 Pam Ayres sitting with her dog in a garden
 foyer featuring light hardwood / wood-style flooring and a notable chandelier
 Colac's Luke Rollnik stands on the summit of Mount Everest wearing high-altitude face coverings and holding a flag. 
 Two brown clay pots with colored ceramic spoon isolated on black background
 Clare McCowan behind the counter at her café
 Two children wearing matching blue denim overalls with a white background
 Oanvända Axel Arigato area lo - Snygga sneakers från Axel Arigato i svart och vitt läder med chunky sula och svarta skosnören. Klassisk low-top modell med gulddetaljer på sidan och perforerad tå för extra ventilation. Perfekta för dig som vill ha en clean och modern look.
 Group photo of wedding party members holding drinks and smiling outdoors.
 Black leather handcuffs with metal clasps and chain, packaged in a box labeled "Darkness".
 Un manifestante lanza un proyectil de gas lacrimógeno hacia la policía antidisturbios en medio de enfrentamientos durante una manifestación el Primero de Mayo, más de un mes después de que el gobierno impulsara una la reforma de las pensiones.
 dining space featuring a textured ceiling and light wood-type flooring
^^^^
(WHAT THIS TASK INVOLVES) A word-for-word transcription of the material is required.

(EXERCISE OUTPUT)
 Pam Ayres sitting with her dog in a garden
 foyer featuring light hardwood / wood-style flooring and a notable chandelier
 Colac's Luke Rollnik stands on the summit of Mount Everest wearing high-altitude face coverings and holding a flag. 
 Two brown clay pots with colored ceramic spoon isolated on black background
 Clare McCowan behind the counter at her café
 Two children wearing matching blue denim overalls with a white background
 Oanvända Axel Arigato area lo - Snygga sneakers från Axel Arigato i svart och vitt läder med chunky sula och svarta skosnören. Klassisk low-top modell med gulddetaljer på sidan och perforerad tå för extra ventilation. Perfekta för dig som vill ha en clean och modern look.
 Group photo of wedding party members holding drinks and smiling outdoors.
 Black leather handcuffs with metal clasps and chain, packaged in a box labeled "Darkness".
 Un manifestante lanza un proyectil de gas lacrimógeno hacia la policía antidisturbios en medio de enfrentamientos durante una manifestación el Primero de Mayo, más de un mes después de que el gobierno impulsara una la reforma de las pensiones.
 dining space featuring a textured ceiling and light wood-type flooring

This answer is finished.